• [Exercise aim] Find, in the records below, the line that contains "612 Rainier Lane Property Photo 26" and the line that contains "Bedroom - 275". Copy those two lines and everything between them exactly, but not the pictures.

• [Given data]
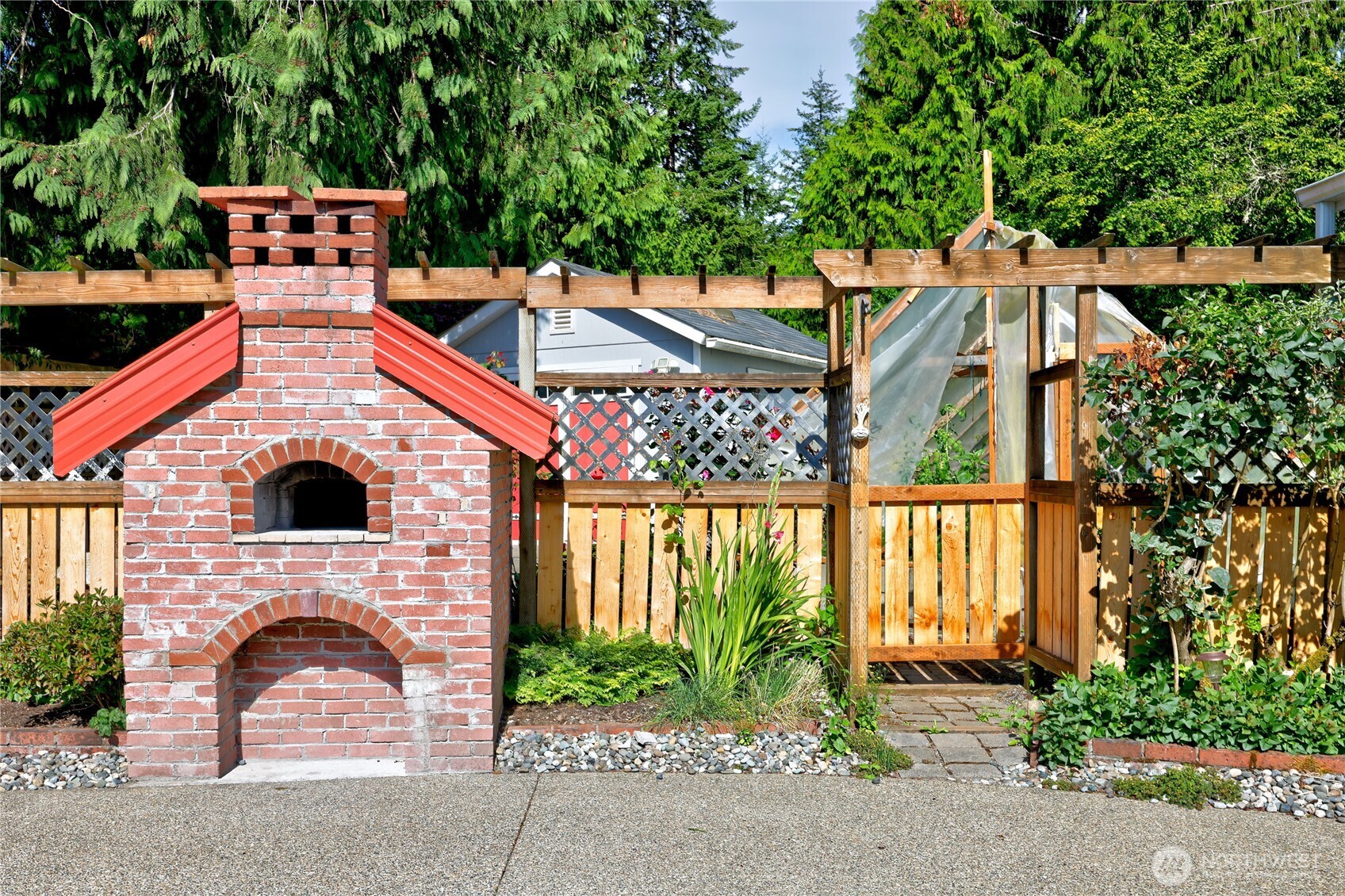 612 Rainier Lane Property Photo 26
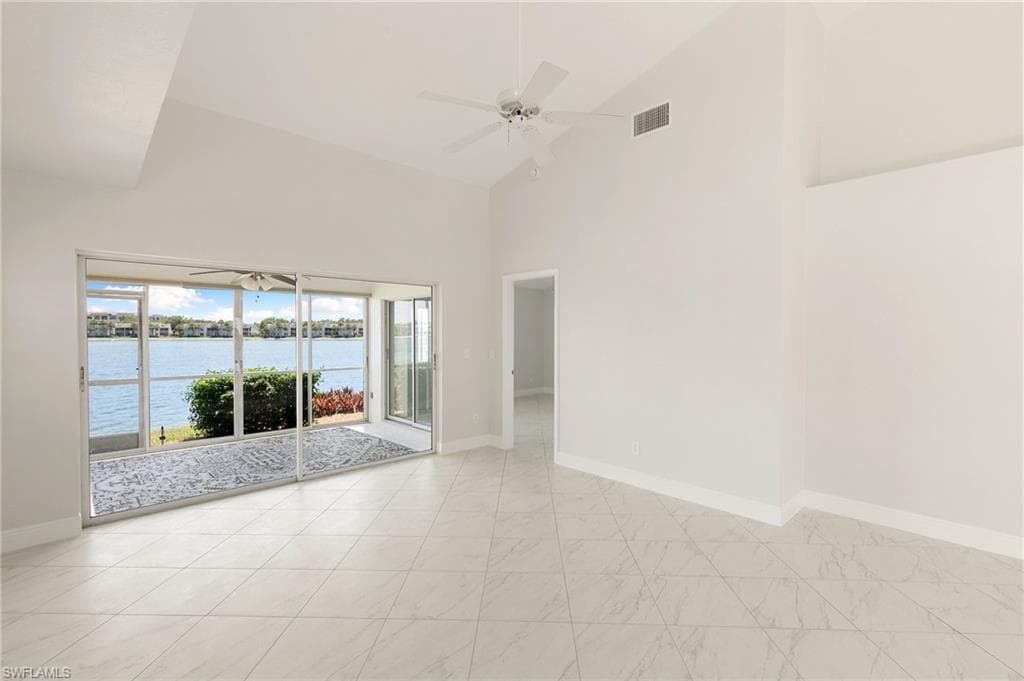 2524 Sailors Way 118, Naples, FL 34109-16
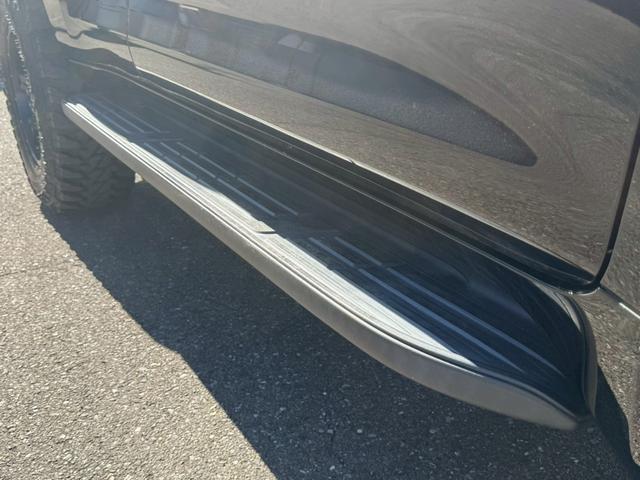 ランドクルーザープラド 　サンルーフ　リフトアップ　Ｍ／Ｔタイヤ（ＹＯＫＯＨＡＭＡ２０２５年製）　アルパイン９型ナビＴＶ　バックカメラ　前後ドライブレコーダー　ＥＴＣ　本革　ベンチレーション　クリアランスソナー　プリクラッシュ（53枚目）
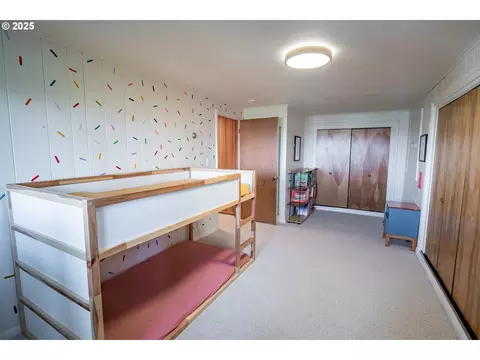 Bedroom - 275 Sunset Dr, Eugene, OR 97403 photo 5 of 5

---

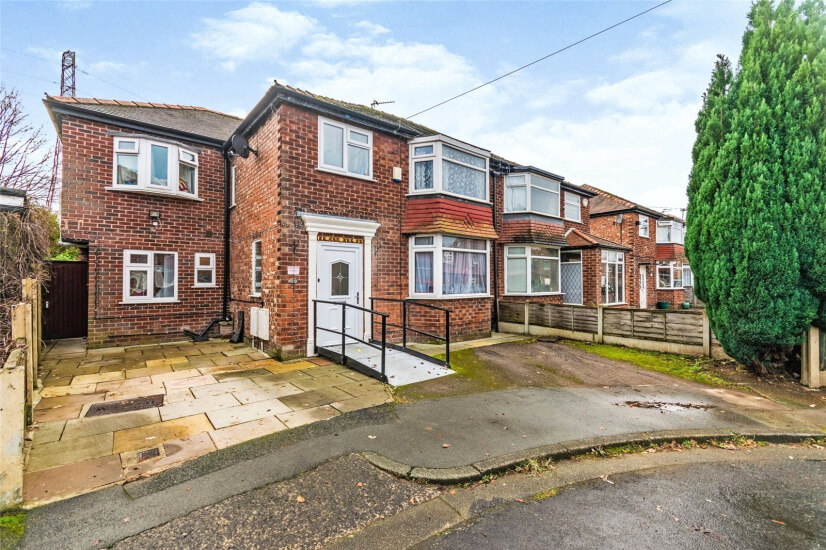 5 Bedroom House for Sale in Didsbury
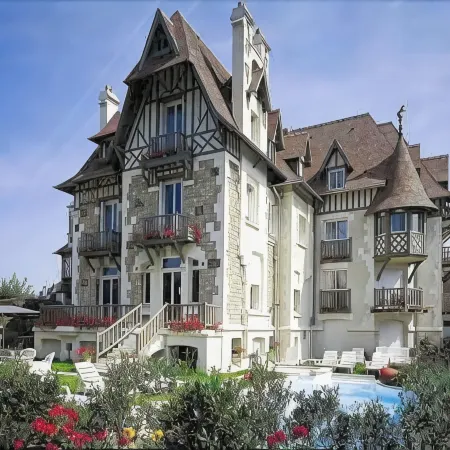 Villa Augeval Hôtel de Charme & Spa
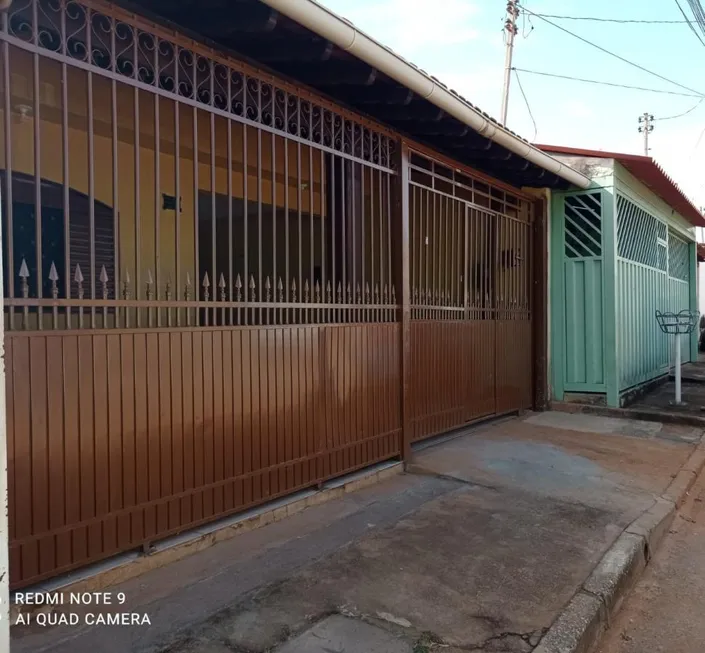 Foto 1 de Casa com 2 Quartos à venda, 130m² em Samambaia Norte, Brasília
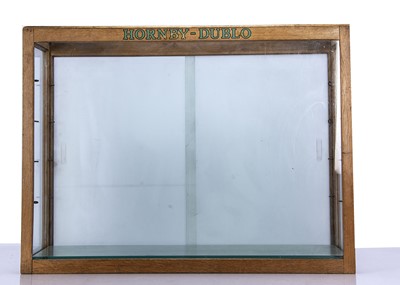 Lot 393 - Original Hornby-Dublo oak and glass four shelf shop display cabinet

--

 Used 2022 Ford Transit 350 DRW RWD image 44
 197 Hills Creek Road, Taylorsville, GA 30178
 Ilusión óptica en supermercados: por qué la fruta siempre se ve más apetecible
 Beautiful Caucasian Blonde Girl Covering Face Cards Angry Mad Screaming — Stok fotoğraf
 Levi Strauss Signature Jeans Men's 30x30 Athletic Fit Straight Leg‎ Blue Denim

• [Final answer]
 612 Rainier Lane Property Photo 26
 2524 Sailors Way 118, Naples, FL 34109-16
 ランドクルーザープラド 　サンルーフ　リフトアップ　Ｍ／Ｔタイヤ（ＹＯＫＯＨＡＭＡ２０２５年製）　アルパイン９型ナビＴＶ　バックカメラ　前後ドライブレコーダー　ＥＴＣ　本革　ベンチレーション　クリアランスソナー　プリクラッシュ（53枚目）
 Bedroom - 275 Sunset Dr, Eugene, OR 97403 photo 5 of 5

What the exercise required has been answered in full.